Maybe have a visualiation of the scrambles, and have the timer start when you let go of the spacebar, instead of it starting when you initally when you press the space bar.


----------



## LouisCormier (Feb 10, 2012)

I tried two scramble and got ''F2 B2 F2'' and ''R L` R`''. Perhaps this should be fixed.
edit: Otherwise I like it a lot!


----------



## whauk (Feb 10, 2012)

and please use '


----------



## benskoning (Feb 10, 2012)

it works great just add more scrambles for different cubes.


----------



## DaKrazedKyubizt (Feb 10, 2012)

last digit is always either 1 or 9 or 0 for me... that might be seen as a problem.


----------



## pdilla (Feb 10, 2012)

Sometimes the last digit freaks out and changes. I got 9, 2, and 4. And I agree with Louis, the redundant moves and cancellations are a strange sight. But all in all, I really enjoy the look of this timer. It's simple yet modern.


----------



## Lucas Garron (Feb 10, 2012)

It looks nice and simple; whatever you add, keep it that way. 

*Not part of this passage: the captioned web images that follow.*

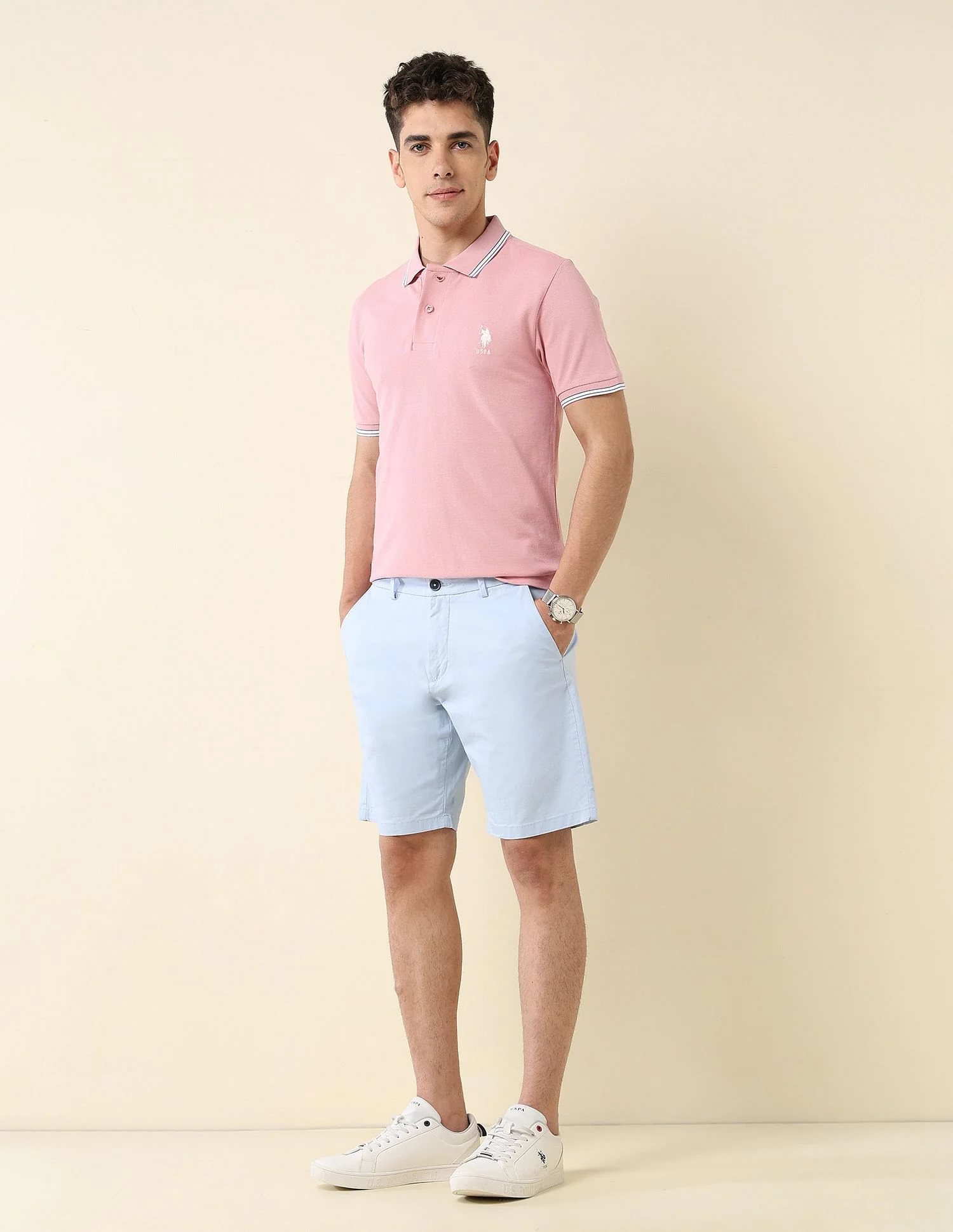Solid Slim Fit Polo Shirt - Image 3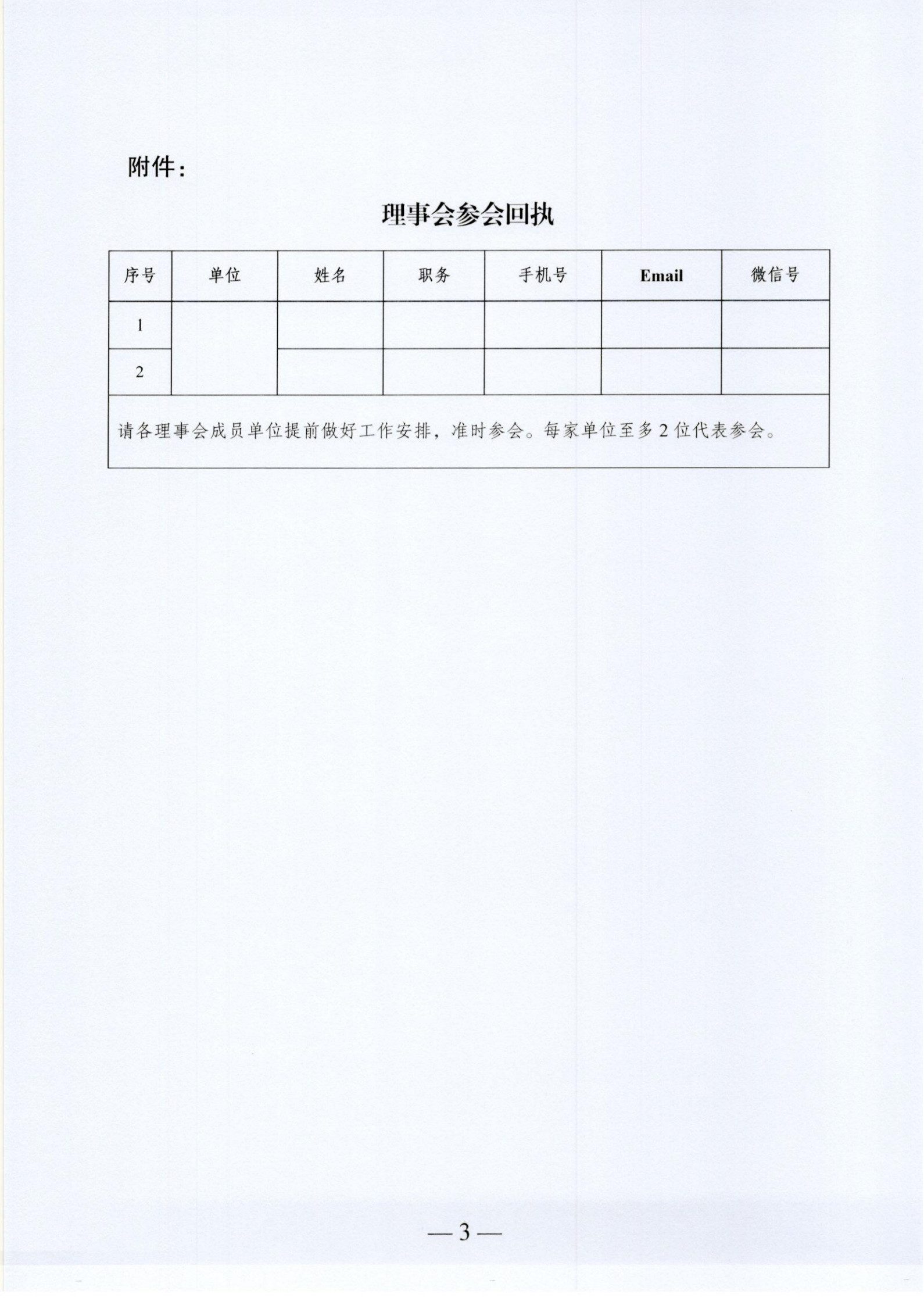 关于召开二届五次理事会的通知（图3）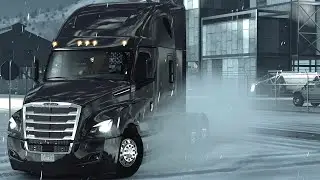 American Truck Simulator | Winter Mod | No Commentary Trucking |Pro Mods Canada | Kamloops To Vermon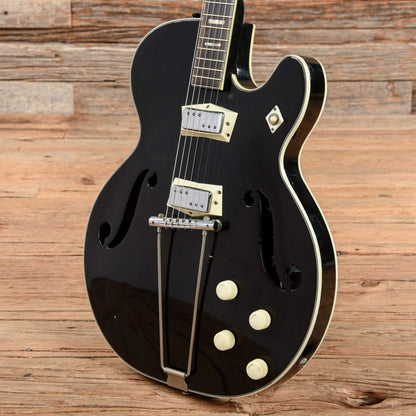 Silvertone 1446 Chris Isaak Black 1960s Electric Guitars / Hollow Body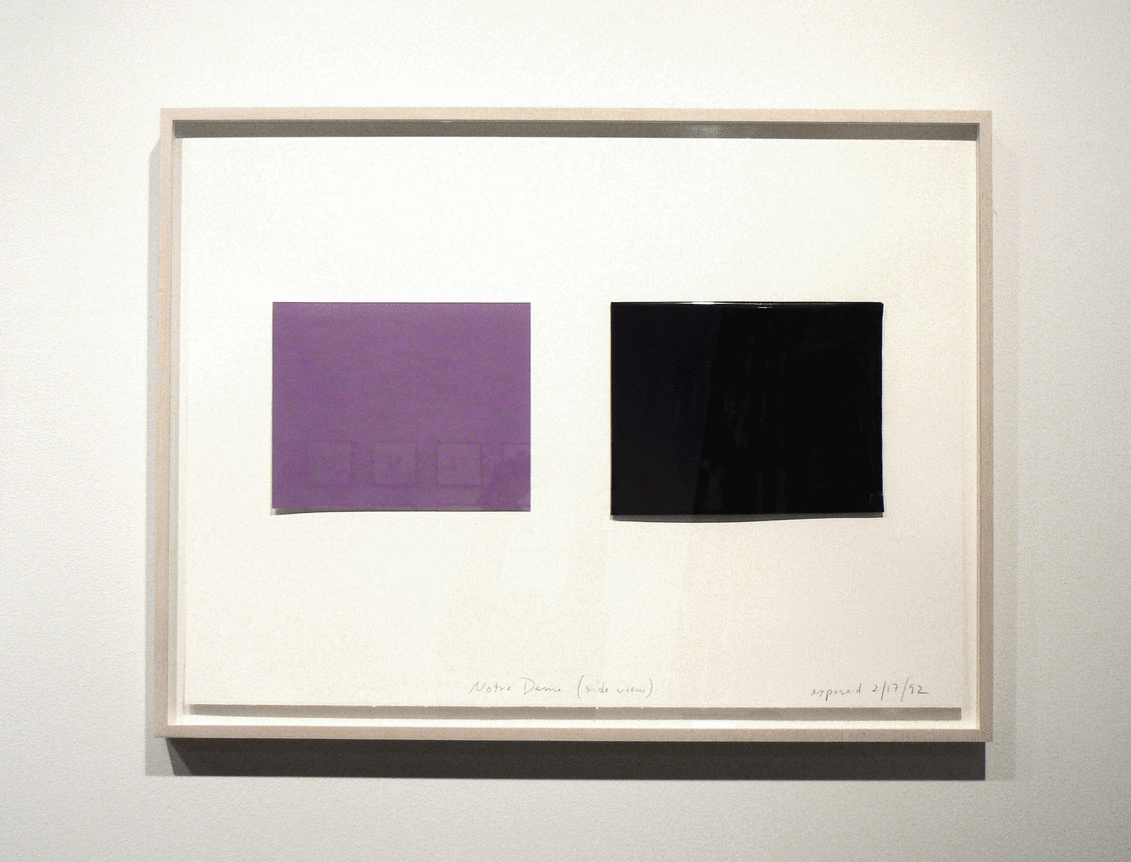 &nbsp;City of Light (Notre Dame, side view), 1992, Exposed photo paper and pastel on paper, 24.2 x 34 inches &ndash; framed, Unique.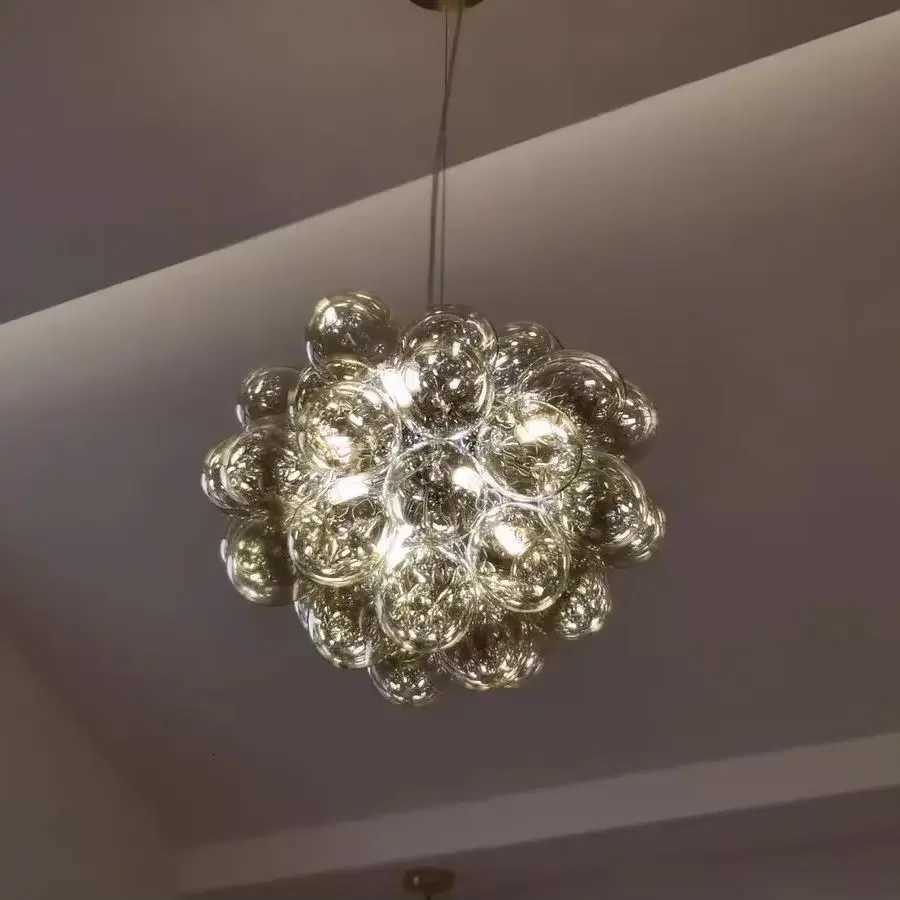 Nordic Balloon Bubble Lighting Boy Childrens Bedroom Chandelier for Living Room Restaurant Creative Bubble Glass LED ChandelierXJ250725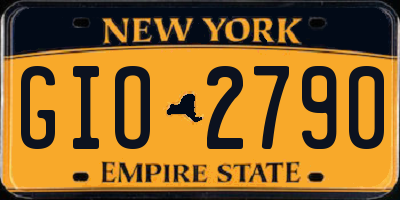 NY license plate GIO2790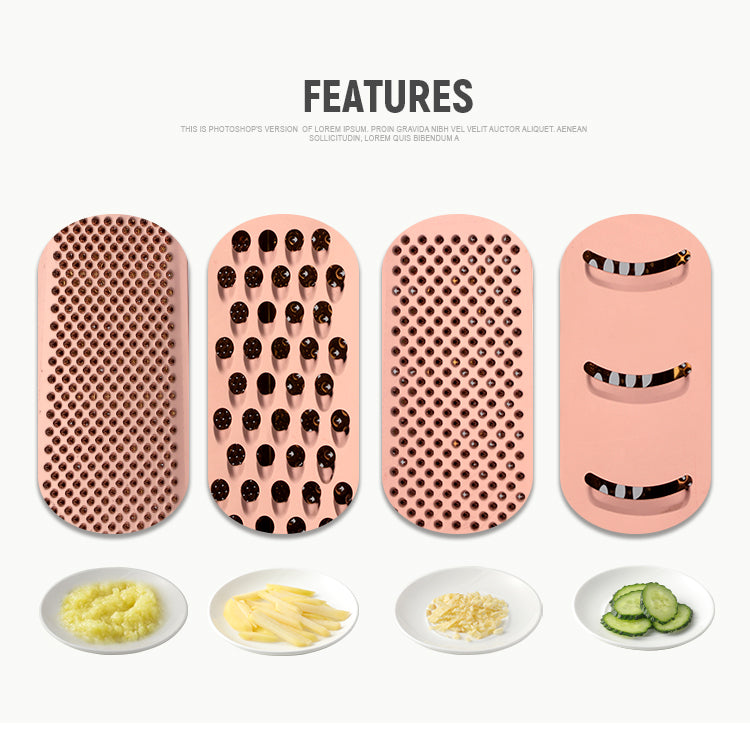 Stainless Steel Kitchen Grater with Polished Finish and Compact Design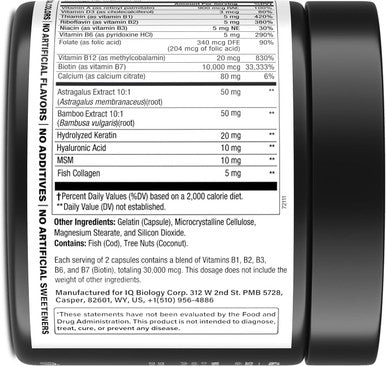 Biotin Supplement For Hair Growth - Biotin Vitamins & Keratin For Hair Loss & Thinning Hair - Hair Skin And Nails Vitamins For Women & Men - Healthy Hair Regrowth, Skin Glow & Nail Repair - 120 Pcs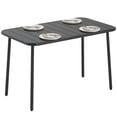 thumbnail image 1 of Outsunny 47" x 28" Outdoor Dining Table for 4, Patio Table, Grey, 1 of 10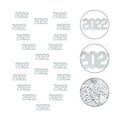 thumbnail image 2 of Weiweiguan 3Packs 2022 New Year Confetti Decor Creative Party Confetti Home Table Decor, 2 of 6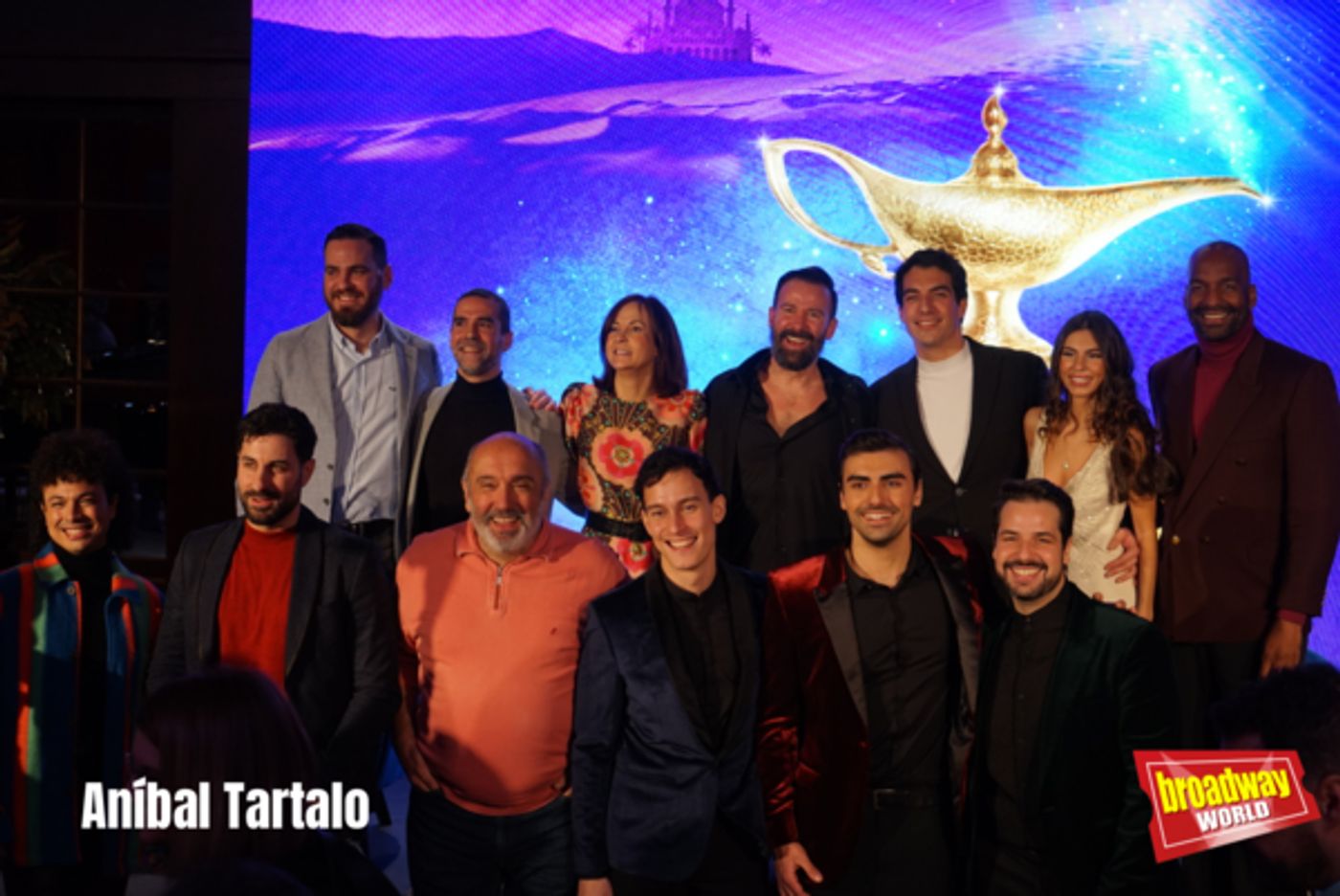 Photos: El reparto de ALADDIN se presenta en el Teatro Real de Madrid Photos: El reparto de ALADDIN se presenta en el Teatro Real de Madrid Image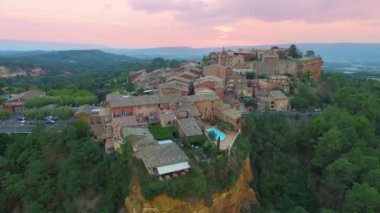 Roussillon, Fransa, Vaucluse, havadan görünümü,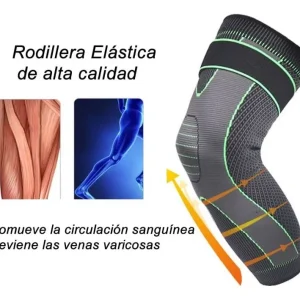 Rodillera Deportiva Compresión Ajustable Soporte Rodilla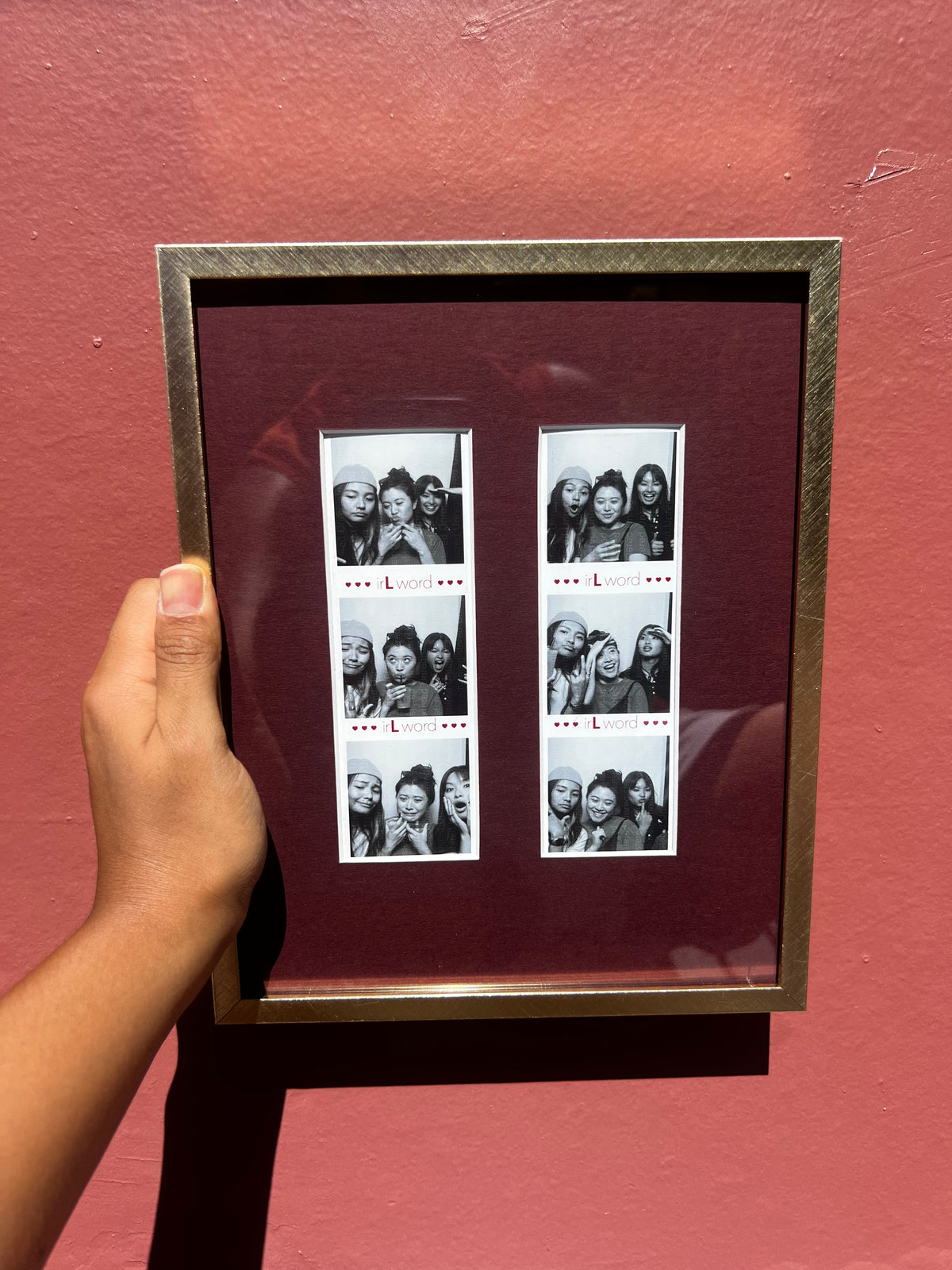 Gold/Maroon Photo Strip Frame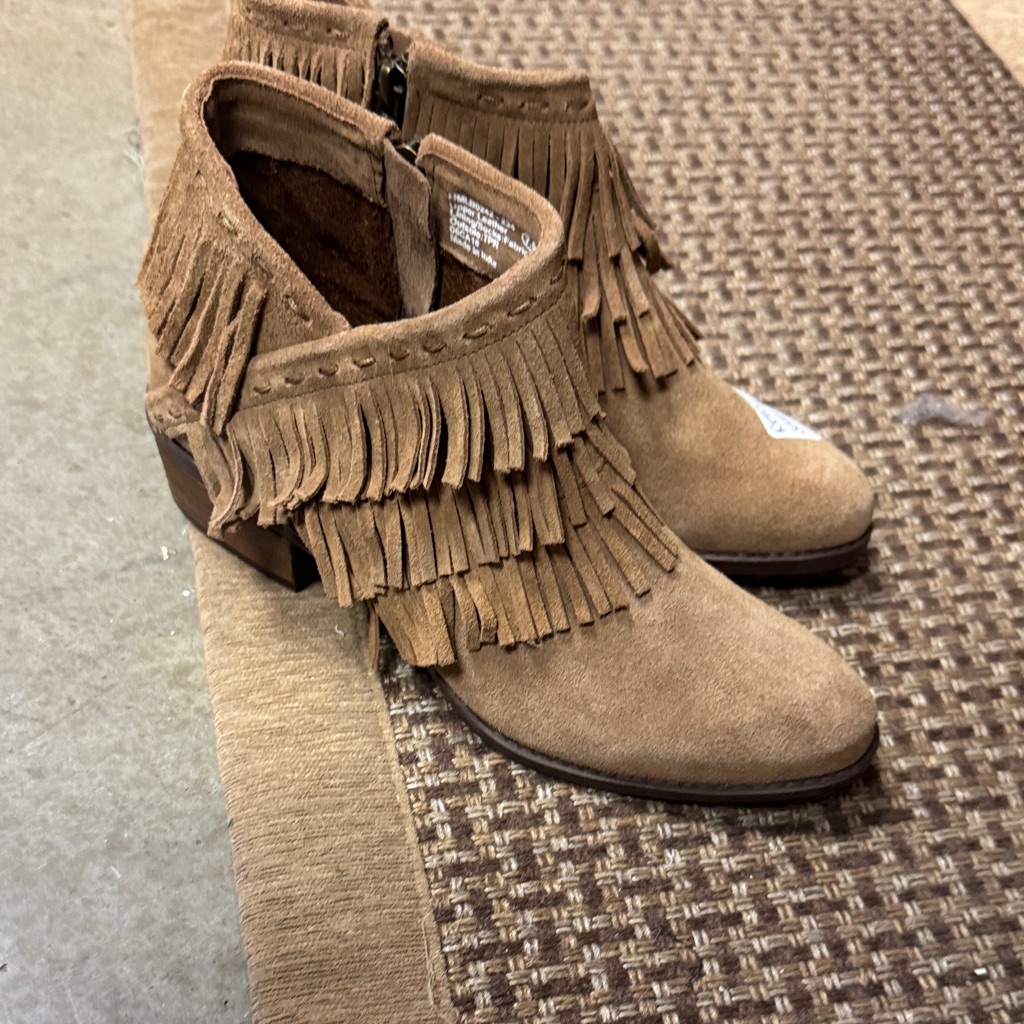 Naughty Monkey Brown Fringed Ankle Booties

As for the scrambles, I would highly recommend decoupling them and using some good ones.


----------



## Carson (Feb 11, 2012)

I love that its very simple. Three things:
1) As was mentioned above, the timer should start on release of a key instead of when it is pressed.
2) It would look somewhat nicer if the time was always displayed in the format xx:xx.xxx, i.e, keep the placeholders.
3) As mentioned above, your scrambles produce moves such as L R L. There is more than one way to fix this, but one of the simplest approaches is to break the cube into three axes. (plural for axis... not the weapons) L and R will be one axis, as are U, D and F, B. If you ensure that no letters (RLUDFB) are repeated, and also that there are no more than two consecutive moves of an axis, you will eliminate the double turns.


----------